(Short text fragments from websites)
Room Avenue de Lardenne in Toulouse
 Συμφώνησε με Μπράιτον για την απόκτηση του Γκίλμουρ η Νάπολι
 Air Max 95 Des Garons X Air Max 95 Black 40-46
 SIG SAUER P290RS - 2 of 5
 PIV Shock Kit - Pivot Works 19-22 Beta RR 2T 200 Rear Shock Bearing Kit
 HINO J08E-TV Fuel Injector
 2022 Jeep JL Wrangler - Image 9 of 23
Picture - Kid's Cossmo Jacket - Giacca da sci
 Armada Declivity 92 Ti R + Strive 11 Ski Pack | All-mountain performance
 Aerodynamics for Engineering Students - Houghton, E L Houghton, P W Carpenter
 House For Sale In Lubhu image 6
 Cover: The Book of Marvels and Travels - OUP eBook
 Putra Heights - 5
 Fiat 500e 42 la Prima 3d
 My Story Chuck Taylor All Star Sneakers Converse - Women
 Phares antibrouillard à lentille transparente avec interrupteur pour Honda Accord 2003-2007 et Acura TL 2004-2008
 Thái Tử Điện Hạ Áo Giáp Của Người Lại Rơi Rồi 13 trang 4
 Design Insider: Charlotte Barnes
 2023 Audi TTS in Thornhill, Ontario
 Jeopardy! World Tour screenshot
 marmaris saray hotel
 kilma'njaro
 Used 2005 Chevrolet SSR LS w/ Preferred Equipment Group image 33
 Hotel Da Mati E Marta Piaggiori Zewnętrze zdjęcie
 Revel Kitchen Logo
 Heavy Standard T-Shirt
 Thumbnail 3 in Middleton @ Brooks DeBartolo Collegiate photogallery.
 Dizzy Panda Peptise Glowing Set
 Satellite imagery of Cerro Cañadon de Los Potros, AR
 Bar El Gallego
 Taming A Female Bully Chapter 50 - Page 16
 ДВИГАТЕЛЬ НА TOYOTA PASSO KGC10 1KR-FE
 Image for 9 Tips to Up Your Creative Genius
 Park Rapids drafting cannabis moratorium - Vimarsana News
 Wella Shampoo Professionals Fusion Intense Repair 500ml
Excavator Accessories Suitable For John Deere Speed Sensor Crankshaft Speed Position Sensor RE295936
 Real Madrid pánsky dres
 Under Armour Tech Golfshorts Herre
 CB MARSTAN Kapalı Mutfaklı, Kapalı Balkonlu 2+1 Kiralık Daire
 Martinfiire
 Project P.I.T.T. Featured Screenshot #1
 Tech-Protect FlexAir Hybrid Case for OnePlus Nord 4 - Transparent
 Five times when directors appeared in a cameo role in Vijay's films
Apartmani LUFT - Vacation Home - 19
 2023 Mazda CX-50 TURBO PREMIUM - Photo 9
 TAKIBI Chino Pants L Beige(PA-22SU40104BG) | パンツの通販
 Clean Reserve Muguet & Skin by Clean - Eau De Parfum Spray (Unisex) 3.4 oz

* **Problem to solve**:
Retype the records above, but only those lines that fall between the line containing "PIV Shock Kit" and the line containing "Wella Shampoo Professionals", with both of those lines included, exactly as written.

* **Problem solution**:
 PIV Shock Kit - Pivot Works 19-22 Beta RR 2T 200 Rear Shock Bearing Kit
 HINO J08E-TV Fuel Injector
 2022 Jeep JL Wrangler - Image 9 of 23
Picture - Kid's Cossmo Jacket - Giacca da sci
 Armada Declivity 92 Ti R + Strive 11 Ski Pack | All-mountain performance
 Aerodynamics for Engineering Students - Houghton, E L Houghton, P W Carpenter
 House For Sale In Lubhu image 6
 Cover: The Book of Marvels and Travels - OUP eBook
 Putra Heights - 5
 Fiat 500e 42 la Prima 3d
 My Story Chuck Taylor All Star Sneakers Converse - Women
 Phares antibrouillard à lentille transparente avec interrupteur pour Honda Accord 2003-2007 et Acura TL 2004-2008
 Thái Tử Điện Hạ Áo Giáp Của Người Lại Rơi Rồi 13 trang 4
 Design Insider: Charlotte Barnes
 2023 Audi TTS in Thornhill, Ontario
 Jeopardy! World Tour screenshot
 marmaris saray hotel
 kilma'njaro
 Used 2005 Chevrolet SSR LS w/ Preferred Equipment Group image 33
 Hotel Da Mati E Marta Piaggiori Zewnętrze zdjęcie
 Revel Kitchen Logo
 Heavy Standard T-Shirt
 Thumbnail 3 in Middleton @ Brooks DeBartolo Collegiate photogallery.
 Dizzy Panda Peptise Glowing Set
 Satellite imagery of Cerro Cañadon de Los Potros, AR
 Bar El Gallego
 Taming A Female Bully Chapter 50 - Page 16
 ДВИГАТЕЛЬ НА TOYOTA PASSO KGC10 1KR-FE
 Image for 9 Tips to Up Your Creative Genius
 Park Rapids drafting cannabis moratorium - Vimarsana News
 Wella Shampoo Professionals Fusion Intense Repair 500ml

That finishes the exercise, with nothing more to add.